The second in a series looking at U.S. life and culture through its idioms. View previous entries.
Dodged the bullet (or dodged a bullet) – Got lucky, avoided a bad outcome
I remember being horrified by the 2004 tsunami in Indonesia, empathizing with the Louisiana inhabitants in Katrina’s aftermath, and being shocked by the images out of Haiti after the devastating earthquake back in 2010. All that destruction really hit me, but it was always far away – happening to someone else.
That changed over the past few days, when Hurricane Sandy approached the very place where I live now in central Pennsylvania.
At first I just thought it would be a bad storm, but then I started to hear that the people around me were taking serious precautions: stocking up on non-perishables and water, finding the safest place of their house, preparing to stay off the streets. When I caught up with the news, it was scary to hear what was heading our way; there were road restrictions, transportation shut-downs, evacuations. Even classes were cancelled at Susquehanna.
I spent Monday just curled up on my couch in front of the TV, away from windows, trying to comfort myself with my favorite tea and a slice of homemade banana bread. As the banging against my windows got steadily worse, I went to bed (putting my mattress on the floor, as far away from the window as I could), hoping to make it safe to the next morning.
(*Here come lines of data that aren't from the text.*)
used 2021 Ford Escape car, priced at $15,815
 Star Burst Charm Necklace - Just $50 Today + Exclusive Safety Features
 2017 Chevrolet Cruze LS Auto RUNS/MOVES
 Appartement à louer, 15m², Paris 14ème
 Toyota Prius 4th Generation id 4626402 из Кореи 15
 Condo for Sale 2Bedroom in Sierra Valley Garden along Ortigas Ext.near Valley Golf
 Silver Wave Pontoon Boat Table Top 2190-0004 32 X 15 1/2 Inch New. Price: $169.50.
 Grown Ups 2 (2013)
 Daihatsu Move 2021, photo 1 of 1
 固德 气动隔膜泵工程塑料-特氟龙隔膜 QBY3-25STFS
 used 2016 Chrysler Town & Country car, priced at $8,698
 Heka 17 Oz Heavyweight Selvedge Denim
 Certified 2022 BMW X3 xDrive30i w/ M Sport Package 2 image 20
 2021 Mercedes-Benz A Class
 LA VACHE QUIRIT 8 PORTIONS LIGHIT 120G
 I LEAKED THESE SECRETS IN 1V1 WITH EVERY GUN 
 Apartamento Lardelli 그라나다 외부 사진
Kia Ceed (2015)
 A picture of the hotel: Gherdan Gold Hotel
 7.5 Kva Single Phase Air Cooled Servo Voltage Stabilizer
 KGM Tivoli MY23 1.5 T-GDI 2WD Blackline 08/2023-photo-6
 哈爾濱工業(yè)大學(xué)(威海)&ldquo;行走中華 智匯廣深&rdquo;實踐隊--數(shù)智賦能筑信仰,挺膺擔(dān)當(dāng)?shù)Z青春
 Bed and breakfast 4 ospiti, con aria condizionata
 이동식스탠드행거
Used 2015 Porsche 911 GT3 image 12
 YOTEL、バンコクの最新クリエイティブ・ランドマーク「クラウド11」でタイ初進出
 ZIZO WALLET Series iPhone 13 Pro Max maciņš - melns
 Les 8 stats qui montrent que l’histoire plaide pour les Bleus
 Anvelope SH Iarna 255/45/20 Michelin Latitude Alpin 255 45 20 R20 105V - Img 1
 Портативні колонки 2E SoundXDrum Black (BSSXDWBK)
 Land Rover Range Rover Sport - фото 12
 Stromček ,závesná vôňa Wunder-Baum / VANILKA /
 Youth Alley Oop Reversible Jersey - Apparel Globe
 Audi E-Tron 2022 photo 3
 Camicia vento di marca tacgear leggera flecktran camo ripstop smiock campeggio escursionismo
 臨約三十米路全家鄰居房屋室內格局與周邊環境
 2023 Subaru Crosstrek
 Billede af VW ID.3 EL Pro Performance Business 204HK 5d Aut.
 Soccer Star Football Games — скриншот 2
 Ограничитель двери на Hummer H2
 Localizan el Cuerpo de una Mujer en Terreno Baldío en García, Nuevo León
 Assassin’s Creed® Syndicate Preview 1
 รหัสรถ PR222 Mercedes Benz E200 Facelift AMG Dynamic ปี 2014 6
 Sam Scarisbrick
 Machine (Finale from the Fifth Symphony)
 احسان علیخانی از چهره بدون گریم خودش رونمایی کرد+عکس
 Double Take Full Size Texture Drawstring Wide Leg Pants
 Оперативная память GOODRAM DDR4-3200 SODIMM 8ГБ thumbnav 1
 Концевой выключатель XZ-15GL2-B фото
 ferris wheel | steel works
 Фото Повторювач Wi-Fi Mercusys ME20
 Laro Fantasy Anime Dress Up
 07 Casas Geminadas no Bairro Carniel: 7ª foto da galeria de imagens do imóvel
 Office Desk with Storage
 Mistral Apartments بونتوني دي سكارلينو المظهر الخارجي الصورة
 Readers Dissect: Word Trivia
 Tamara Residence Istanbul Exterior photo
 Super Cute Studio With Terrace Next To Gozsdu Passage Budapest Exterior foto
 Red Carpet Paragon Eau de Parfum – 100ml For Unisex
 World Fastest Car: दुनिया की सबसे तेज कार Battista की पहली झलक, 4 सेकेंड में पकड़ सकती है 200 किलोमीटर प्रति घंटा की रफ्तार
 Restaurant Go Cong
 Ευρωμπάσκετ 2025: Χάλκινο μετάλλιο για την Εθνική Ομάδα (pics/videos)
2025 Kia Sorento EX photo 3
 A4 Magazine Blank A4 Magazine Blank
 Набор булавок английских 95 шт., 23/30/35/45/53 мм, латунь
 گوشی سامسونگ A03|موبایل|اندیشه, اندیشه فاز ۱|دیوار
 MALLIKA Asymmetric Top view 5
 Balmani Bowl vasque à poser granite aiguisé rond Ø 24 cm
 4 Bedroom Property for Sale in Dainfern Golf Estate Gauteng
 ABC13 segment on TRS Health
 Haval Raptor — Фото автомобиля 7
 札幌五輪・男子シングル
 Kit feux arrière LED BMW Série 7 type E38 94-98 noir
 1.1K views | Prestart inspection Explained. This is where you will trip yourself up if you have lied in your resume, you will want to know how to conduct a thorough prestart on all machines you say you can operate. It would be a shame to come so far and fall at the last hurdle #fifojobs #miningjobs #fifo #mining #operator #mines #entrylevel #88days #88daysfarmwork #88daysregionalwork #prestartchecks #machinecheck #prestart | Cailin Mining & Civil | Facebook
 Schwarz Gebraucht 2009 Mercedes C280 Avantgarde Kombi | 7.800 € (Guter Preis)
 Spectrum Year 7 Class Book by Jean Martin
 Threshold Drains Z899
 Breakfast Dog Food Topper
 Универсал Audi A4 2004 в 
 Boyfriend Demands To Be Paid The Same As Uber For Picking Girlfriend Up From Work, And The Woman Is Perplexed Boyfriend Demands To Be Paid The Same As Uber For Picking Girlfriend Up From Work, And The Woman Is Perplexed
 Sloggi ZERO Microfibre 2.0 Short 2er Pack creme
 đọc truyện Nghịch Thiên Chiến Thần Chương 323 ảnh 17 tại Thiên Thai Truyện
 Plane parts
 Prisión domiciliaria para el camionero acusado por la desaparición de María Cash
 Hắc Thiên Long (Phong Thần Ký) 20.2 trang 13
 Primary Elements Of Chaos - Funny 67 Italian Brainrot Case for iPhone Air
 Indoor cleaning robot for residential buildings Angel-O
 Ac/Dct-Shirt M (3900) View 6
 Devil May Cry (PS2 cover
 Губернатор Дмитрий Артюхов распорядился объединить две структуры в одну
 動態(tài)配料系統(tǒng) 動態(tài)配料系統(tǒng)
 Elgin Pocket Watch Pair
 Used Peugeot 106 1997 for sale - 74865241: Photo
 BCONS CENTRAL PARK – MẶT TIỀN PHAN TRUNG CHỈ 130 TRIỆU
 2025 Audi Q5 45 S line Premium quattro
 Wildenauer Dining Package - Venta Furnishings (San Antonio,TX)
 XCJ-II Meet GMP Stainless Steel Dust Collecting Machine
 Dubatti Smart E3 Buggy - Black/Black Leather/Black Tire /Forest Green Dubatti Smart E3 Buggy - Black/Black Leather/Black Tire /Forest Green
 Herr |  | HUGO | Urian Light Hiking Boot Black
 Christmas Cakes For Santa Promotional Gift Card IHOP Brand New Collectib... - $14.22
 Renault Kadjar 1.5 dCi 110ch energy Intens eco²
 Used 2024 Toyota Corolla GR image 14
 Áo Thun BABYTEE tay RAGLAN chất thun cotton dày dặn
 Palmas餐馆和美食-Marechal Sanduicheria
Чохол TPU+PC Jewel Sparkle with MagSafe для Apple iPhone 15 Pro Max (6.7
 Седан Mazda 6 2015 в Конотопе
I woke up Tuesday morning, completely safe and sound. Here in Selinsgrove and other areas of Pennsylvania, we are very fortunate to be able to say that we dodged the bullet. This is how a friend described to me how lucky he was that he’d been able to avoid the damage.
Unfortunately, many people were not as lucky. When I watched the news, I saw places I had just visited a couple of weeks ago underwater and crumbling. I listened to my students struggle because their families had been evacuated or because they hadn’t even been able to contact them after the storm.
I really hope my students, their families and all the people who were affected can soon recover from this tragic event. By coming together and giving our best in our communities, we can help overcome a situation as tough as this one.